_What is expected_. Every line from the beginning of the data through the line containing "Фото №1 зала Пир горой" should be reproduced exactly, and no further lines should be output.

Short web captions
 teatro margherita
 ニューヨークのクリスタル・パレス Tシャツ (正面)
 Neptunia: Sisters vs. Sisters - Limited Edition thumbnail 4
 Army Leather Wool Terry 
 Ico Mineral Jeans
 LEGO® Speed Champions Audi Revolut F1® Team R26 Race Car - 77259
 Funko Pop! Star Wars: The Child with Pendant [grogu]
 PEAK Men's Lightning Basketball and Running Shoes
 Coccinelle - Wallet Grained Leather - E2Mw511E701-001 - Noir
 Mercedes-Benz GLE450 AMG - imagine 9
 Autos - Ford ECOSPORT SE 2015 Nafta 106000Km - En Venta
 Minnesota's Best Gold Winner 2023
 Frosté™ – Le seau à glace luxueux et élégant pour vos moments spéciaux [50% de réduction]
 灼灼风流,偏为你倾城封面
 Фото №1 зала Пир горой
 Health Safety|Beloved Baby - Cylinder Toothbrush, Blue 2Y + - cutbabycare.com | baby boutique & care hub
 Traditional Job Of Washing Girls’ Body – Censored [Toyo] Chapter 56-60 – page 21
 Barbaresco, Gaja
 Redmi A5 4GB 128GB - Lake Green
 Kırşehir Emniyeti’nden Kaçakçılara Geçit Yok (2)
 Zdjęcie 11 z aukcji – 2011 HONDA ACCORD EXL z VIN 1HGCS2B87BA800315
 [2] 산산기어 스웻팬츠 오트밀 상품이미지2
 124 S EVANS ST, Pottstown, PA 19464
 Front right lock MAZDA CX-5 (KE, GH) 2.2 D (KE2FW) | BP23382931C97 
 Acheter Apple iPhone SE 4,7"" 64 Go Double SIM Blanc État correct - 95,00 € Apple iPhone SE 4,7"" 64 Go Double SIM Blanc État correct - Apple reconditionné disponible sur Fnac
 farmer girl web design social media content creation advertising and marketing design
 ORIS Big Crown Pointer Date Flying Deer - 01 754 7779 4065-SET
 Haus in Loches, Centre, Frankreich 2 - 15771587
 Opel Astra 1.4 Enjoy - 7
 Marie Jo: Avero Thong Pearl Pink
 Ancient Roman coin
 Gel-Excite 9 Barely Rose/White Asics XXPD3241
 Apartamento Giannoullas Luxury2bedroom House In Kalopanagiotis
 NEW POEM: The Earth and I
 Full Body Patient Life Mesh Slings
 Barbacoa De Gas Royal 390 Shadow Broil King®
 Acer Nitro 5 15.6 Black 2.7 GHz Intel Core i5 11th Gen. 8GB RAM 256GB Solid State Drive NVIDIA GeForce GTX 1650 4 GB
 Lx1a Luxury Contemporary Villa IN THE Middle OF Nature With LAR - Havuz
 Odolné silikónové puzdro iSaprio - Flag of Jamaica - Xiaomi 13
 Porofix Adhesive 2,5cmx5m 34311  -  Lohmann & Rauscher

_Worked solution_.
 teatro margherita
 ニューヨークのクリスタル・パレス Tシャツ (正面)
 Neptunia: Sisters vs. Sisters - Limited Edition thumbnail 4
 Army Leather Wool Terry 
 Ico Mineral Jeans
 LEGO® Speed Champions Audi Revolut F1® Team R26 Race Car - 77259
 Funko Pop! Star Wars: The Child with Pendant [grogu]
 PEAK Men's Lightning Basketball and Running Shoes
 Coccinelle - Wallet Grained Leather - E2Mw511E701-001 - Noir
 Mercedes-Benz GLE450 AMG - imagine 9
 Autos - Ford ECOSPORT SE 2015 Nafta 106000Km - En Venta
 Minnesota's Best Gold Winner 2023
 Frosté™ – Le seau à glace luxueux et élégant pour vos moments spéciaux [50% de réduction]
 灼灼风流,偏为你倾城封面
 Фото №1 зала Пир горой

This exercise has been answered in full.